I don't have words to describe our feelings and we had a hard time looking each other in the eye. It was midnight and we had to choose to stay or go looking for a swordfish.

Good thing we chose to go swordfishing because we woke up the next morning without a bite.:banghead I'm so pissed I start reeling in one of the lines and the deep line goes slack. It's 6:00am with the sun up and I'm thinking I'm tangled with the other line. I reel up the line and it's not tangled. I look at our position and we're in 1200 ft of water. I start reel in the 600 ft deep line and I get to the weight. I undo the weight with the glow light on the surface. That's when the swordfish wakes up and sounds 500+ ft deep. We fight it for 45 mins and what a trip saver!:grouphug



















Feeling relieved, we run to the Marlin Rig and as I'm telling Dell where I encountered the sperm whale last month, it appeared again. Can you believe that? I felt like a whale guiding stud at this point. I'm even naming the thing if I see that whale again. 










We arrive at the Marlin Rig to find the Yft not very active but present. Hans breaks in this new Stella on a topper with a yft and also looses one too. We see a nice Blue Marlin working so Dell catches a nice small Bft and we bump troll it. 20 mins later he nails the tuna and Dells on it for 2 minutes and you can guess what happened next. The marlin had the whole tuna in his mouth almost taking drag on a 50w but the circle hook could not find the fish. We let it eat for almost three minutes before locking down. We saved the tuna as to remember our pains. 

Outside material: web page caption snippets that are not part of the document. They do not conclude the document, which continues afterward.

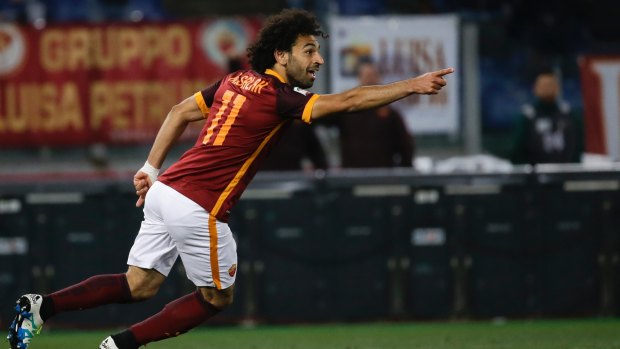 Salah has been a star for AS Roma in Italy's Serie A. 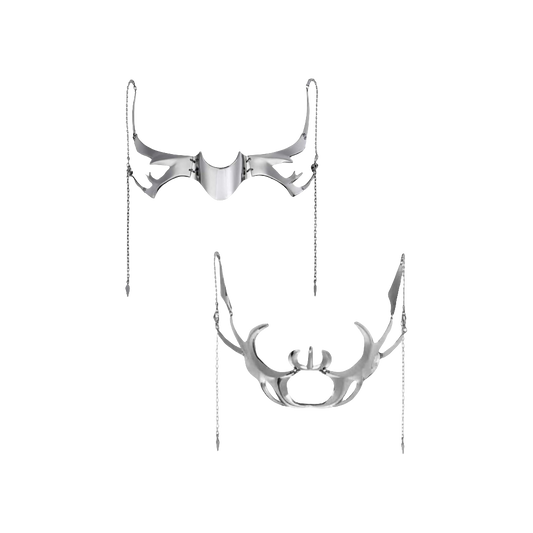 Masque de bijoux futuriste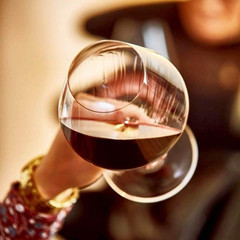 Denk’Art Burgundy Red Wine Glass, Set of 2 | Hand-Blown Crystal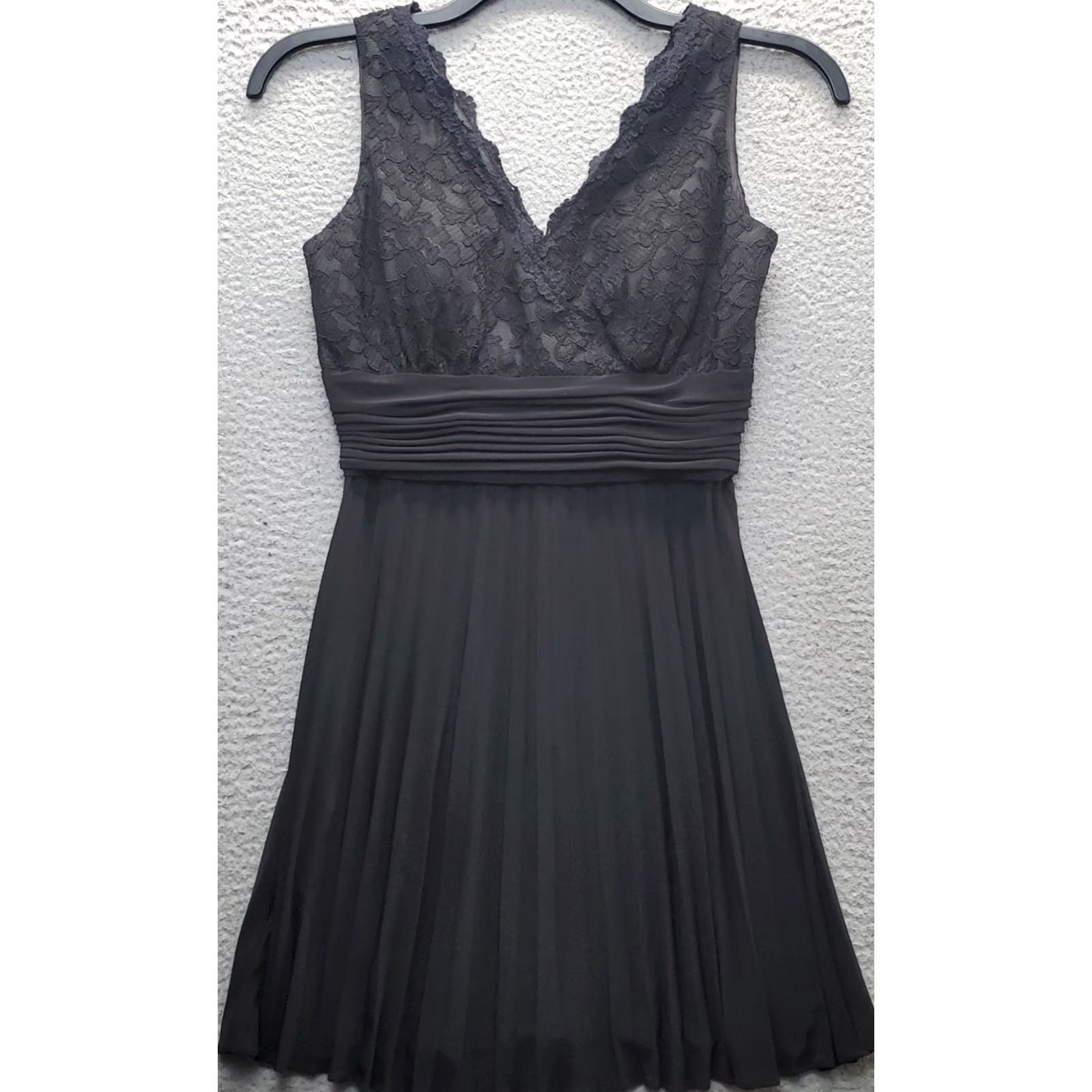 Vintage Jessica Howard Sheath Dress Womens 6P Black Empire Waist Back Zip Size M / US 6-8 / IT 42-44 - 2 Thumbnail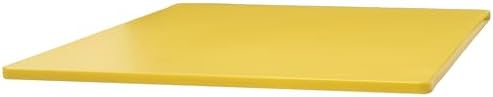 Winco 18" x 24" Yellow Heavy-Duty Plastic Cutting Board - Image 5
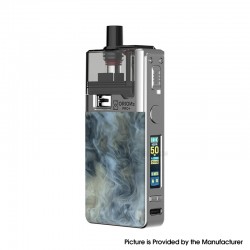 [Ships from Bonded Warehouse] Authentic LVE Orion II Pro Plus 50W Pod Mod Kit - Silver Smoked Marble, Limited Cartridge + RBA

We ended the trip with 2 yft, 4 bft, 2 rainbow runners, 1swordfish and we lost 4 yft, 1 blue marlin,1 mahi mahi. Had a blast and I had the best grouper tacos of my life.


----------



## rauber (Oct 10, 2007)

wow great job guys :bowdown:bowdown:bowdown:bowdown


----------



## freespool50 (Sep 29, 2007)

doesnt sound like a heartbreaker trip to me. but it sure started out that way. all in all, it sounds like it ended pretty well.great storyline and super pics. btw, i would loose the whale guide stud moniker. greenpeace may swoop down on the area and declare it off limits:doh


----------



## recess (Oct 8, 2007)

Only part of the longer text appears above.